*** Provided material Section Begins ***

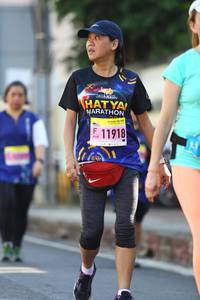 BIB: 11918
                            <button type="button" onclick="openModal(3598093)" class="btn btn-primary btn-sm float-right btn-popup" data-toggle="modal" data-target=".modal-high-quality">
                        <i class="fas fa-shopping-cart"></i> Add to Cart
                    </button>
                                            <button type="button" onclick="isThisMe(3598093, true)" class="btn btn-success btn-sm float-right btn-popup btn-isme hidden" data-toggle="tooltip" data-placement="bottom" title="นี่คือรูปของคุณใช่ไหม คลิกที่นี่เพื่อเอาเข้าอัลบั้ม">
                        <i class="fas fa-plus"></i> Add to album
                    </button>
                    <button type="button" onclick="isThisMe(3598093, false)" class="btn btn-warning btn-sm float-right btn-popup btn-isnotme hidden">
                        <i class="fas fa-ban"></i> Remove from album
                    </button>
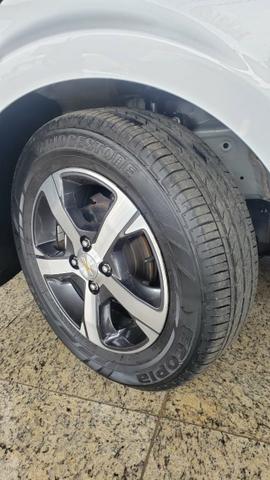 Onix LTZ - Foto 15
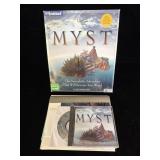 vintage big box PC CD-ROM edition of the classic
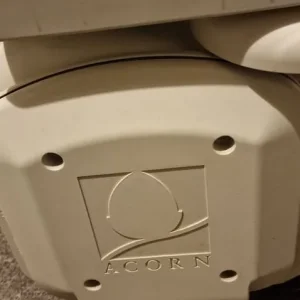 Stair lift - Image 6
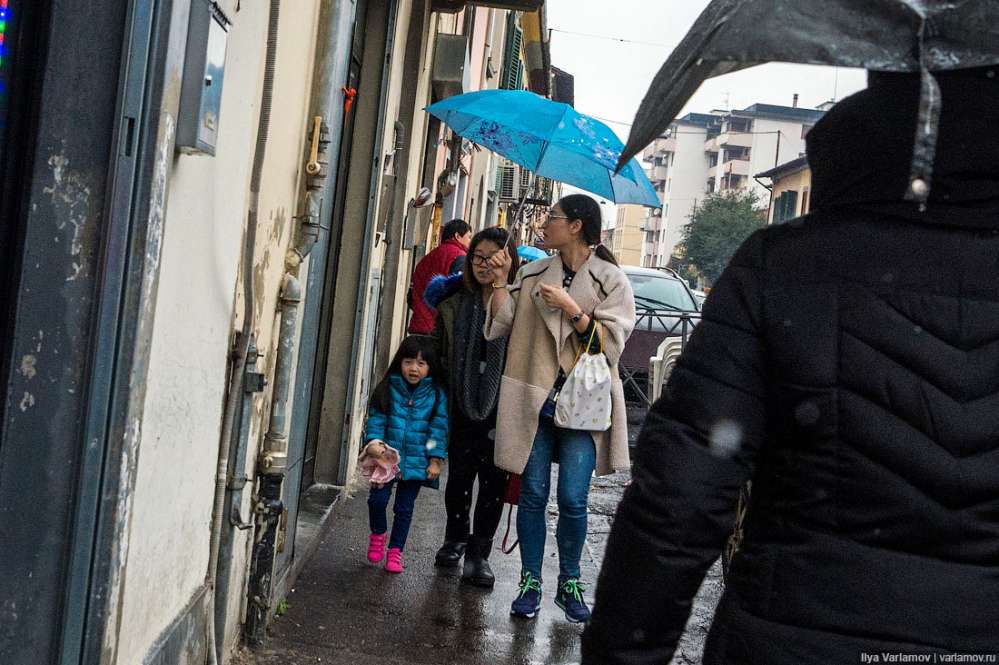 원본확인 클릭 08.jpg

*** Provided material Section Ends ***
*** Provided material Section Begins ***

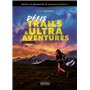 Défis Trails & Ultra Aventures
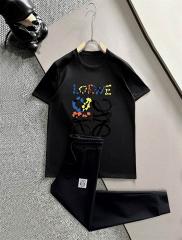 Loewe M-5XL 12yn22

*** Provided material Section Ends ***

• [Task goal]
From the listing above, copy every line that holds the string "isThisMe".

• [Exercise solution]
                                            <button type="button" onclick="isThisMe(3598093, true)" class="btn btn-success btn-sm float-right btn-popup btn-isme hidden" data-toggle="tooltip" data-placement="bottom" title="นี่คือรูปของคุณใช่ไหม คลิกที่นี่เพื่อเอาเข้าอัลบั้ม">
                    <button type="button" onclick="isThisMe(3598093, false)" class="btn btn-warning btn-sm float-right btn-popup btn-isnotme hidden">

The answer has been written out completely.